I have been a P123 member for just over 5 years. While I do not design my own models, I am smart about how I invest/trade: I keep trading costs low; I subscribe to multiple models with proven track records and high scores in the momentum and value rankings; I stay committed to models (don’t back out when the going gets tough); I invest in a mix of large caps, mid caps, and small caps, etc. I have always subscribed to anywhere from 4-6 Designer Models (or R2G models in the old vernacular), and I follow the trade signals meticulously and in a timely fashion.

I have 15 years of investing experience, and I have chased many fads and follies in those 15 years. I’ve tried stocks, ETFs, mutual funds, leveraged ETFs, etc. But I continue to learn from my mistakes and become a wiser investor.

Here are some quick stats on Designer Models as of today:

– 23.6% of models have positive excess return over the past 3 months (69 of 292)
– 41.9% of models have positive excess return over the past 1 year (108 of 258)
– 42% of models have positive excess return over the past 2 years (87 of 207)

Those results don’t lead to very good odds of beating the market by using Designer Models. Further, these numbers exclude the countless models that have been retired over the past 2 years. If you were able to account for that survivorship bias, the percentage of models with excess returns would be lower. Clearly, it’s been a tough period for Designer Models. I wonder if it’s naive of me to think I am smart enough to find the minority of models that will outperform over the long-term.

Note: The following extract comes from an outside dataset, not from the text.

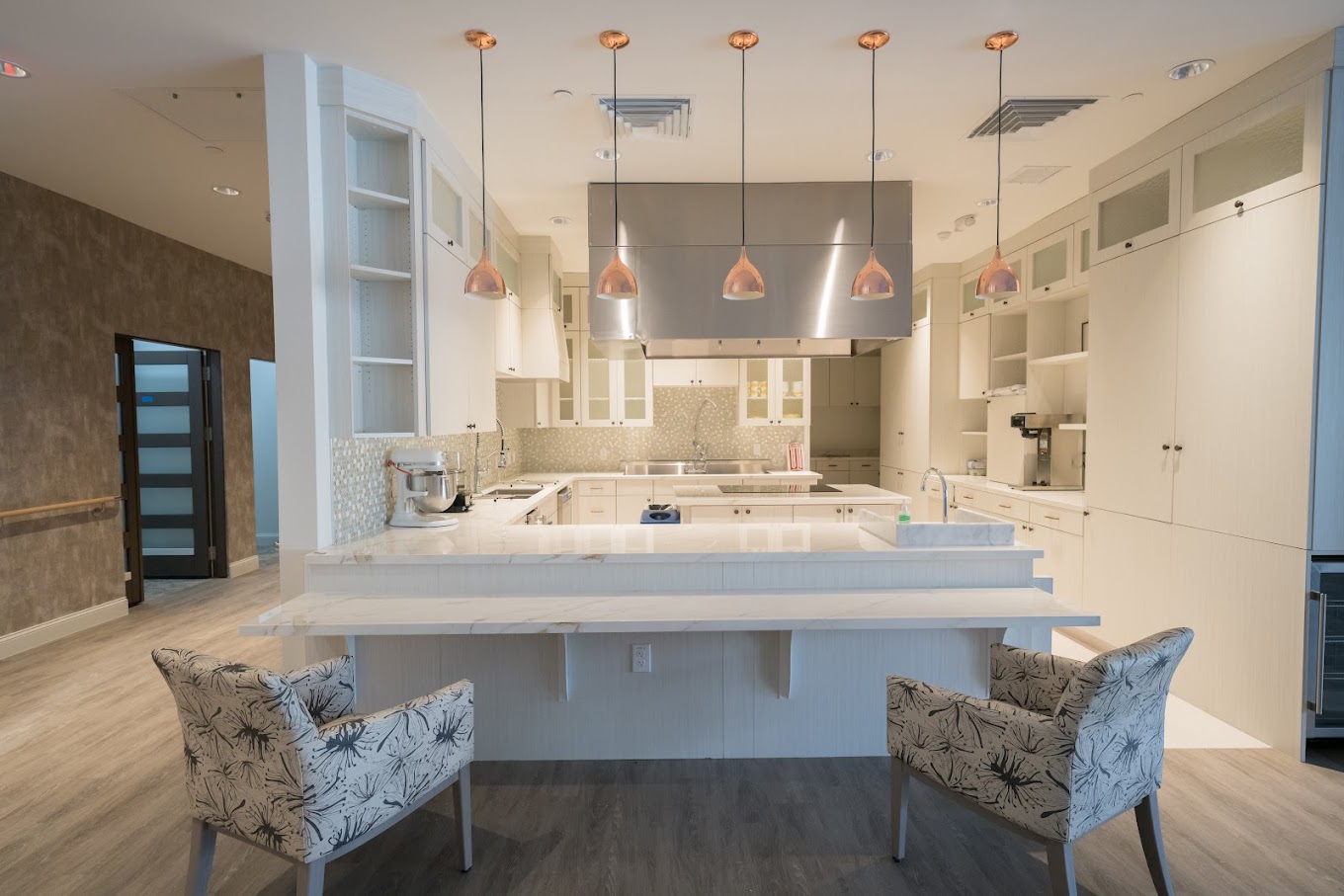 Spacious kitchen with modern appliances and marble countertops.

What if we could see the since inception excess return of every model that lasted more than 6 months here on the platform? What percentage of them would have excess returns since inception?

My personal portfolio performance since joining the site is 11.65% annualized, net of trading costs/fees (time-weighted rate of return). However, during that same period (starting date of 2/11/13), the S&P 500 Total Return Index is up 14.65% annualized. The MSCI EAFE Index is up just 5.72% annualized during that period, which certainly has been a headwind for my returns. My international exposure has likely ranged from 15-25% of the portfolio during this period. But even a portfolio of 80% SPY and 20% EFA would have beaten my performance by over 100 basis points annually over the past 5+ years. So is it worth all my time and energy in researching and trading models, only to trail the market?

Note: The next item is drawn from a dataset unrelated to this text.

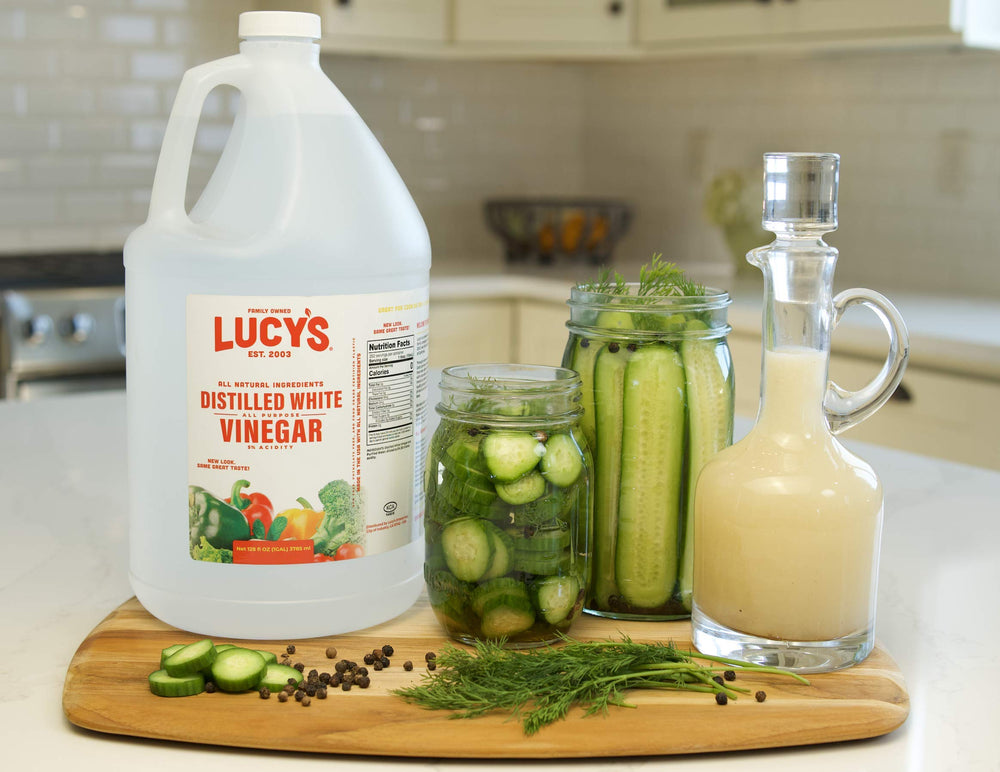 One-gallon Lucy’s bottle beside common kitchen items to show scale and savings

Year-to-date, I am down 3.24%, while the S&P 500 Total Return is up 9.27% through yesterday. I have always been drawn more to value strategies than growth strategies, so it’s understandable that my personal portfolio would struggle as value continues to lag growth over the past number of years. I’m trying to ascertain whether the ship will right itself, or if I need a change of strategy.

As I see it, there are several challenges facing the individual investor as he attempts to beat the market:

  1. We can all find great models/backtests/ideas. But how successfully do we put them together to form a portfolio that can beat the market over time?

  2. Position sizing and model sizing. The temptation is to size up on the positions in our “hot models” and size down on the “cold models”. Further, the temptation is to commit more capital to the hot models and less capital to the cold models.

  3. If a model has “gone cold”, how do I know whether it will come back? I have seen many great models from reputable designers be sent to the trash bin due to lousy performance. But the models always looked good…until they didn’t.

  4. A lot of the microcap/small-cap models on here seem to be chasing the same collection of stocks. Thus, for me it seems like a crap-shoot from one model to another. One model just happened to enter and exit at an opportune time, while another model had different timing.

I just finished reading Jack Bogle’s book, “The Little Book of Common Sense Investing”. I read it with an open mind, and I came away mostly persuaded in the truth of Bogle’s arguments. I understand a guy like Bogle is probably anathema in the P123 world, but his arguments (and his success) merit attention. I am considering a rebuild my portfolio with a simple mix of Vanguard Total Stock Market Index, a mid-cap ETF like EZM, a small-cap ETF like EES, and Vanguard Total International Stock Index for something like 10-20% of my portfolio. I would be getting off the hamster wheel of trying to beat the market.

What length of time is a sufficient testing period for my life on P123? Am I giving up too soon on trading individual stocks?

1 Like

The big danger to many designer models (which typically focus on small, mid and smaller large cap stocks with a value bent) is a topping environment where momentum in a small subset of very large stocks leads the market up, and the rank & file do not particpate much in the final gains of the 9-year bull.

Designers will need to rotate into momentum, mega cap and certain sector-specific models.

The S&P SmallCap 600 Index is up nearly 16% YTD (as measured by the ETF IJR). So there are still great returns to be had outside of a few large cap stocks.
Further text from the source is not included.